Hi all I have egg shared 3 times now and had 3 x icsi now just thinking about doing it again but not sure about it. Just wanted to ask how many times other people have egg shared ?? Thanks grace


----------



## It-Only-Takes-One (Jul 31, 2012)

Just once as it was my first go at ivf and I was lucky as it worked. 

When we try for another baby I don't know if I would again I would have to think about it. 

It's a very brave and big thing to do. 

I don't want to know if recipient got pregnant cause as far as I'm concerned they might be my eggs genetically but it will always be her baby. She carried it, cared for it etc. that is what makes a mum.

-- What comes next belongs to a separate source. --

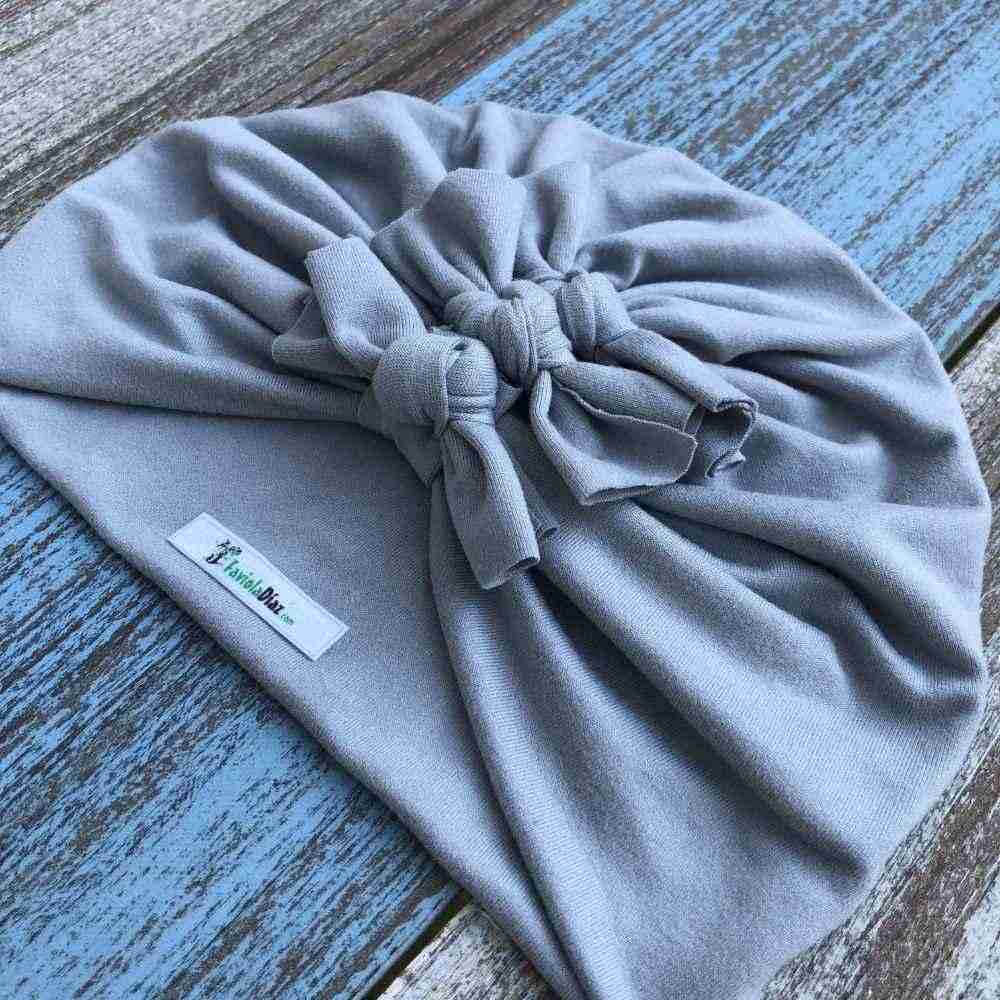 Turbante Gris de Nudos 2 Turbante Gris de Nudos - Imagen 2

When I gave it away it was just gunk in a test tube x


----------



## Little spud (Jul 15, 2012)

Thanks for your reply I didn't put my whole story as its a bit long and I am new at this and don't no how to do that thing at the bottom where all of your treatment  My first icsi worked I have a 3year old son my second  one didnt work  my third on had a miscarriage at 12weeks an at first I just feel as I was helping out someone else but on my last one just couldn't stop thinking that I loses my baby and they had one but now that has passed and I really want to try again but don't have the money if I don't egg share . We are both lucky ladies to have it work first time  x


----------



## dingle123 (Jun 16, 2010)

Hi *Little Spud*,

I egg shared for the first time last September (sadly resulted in mc) - I'm due to start my second round end of this month. I'm not quite sure what the limit is - is it creating 10 families?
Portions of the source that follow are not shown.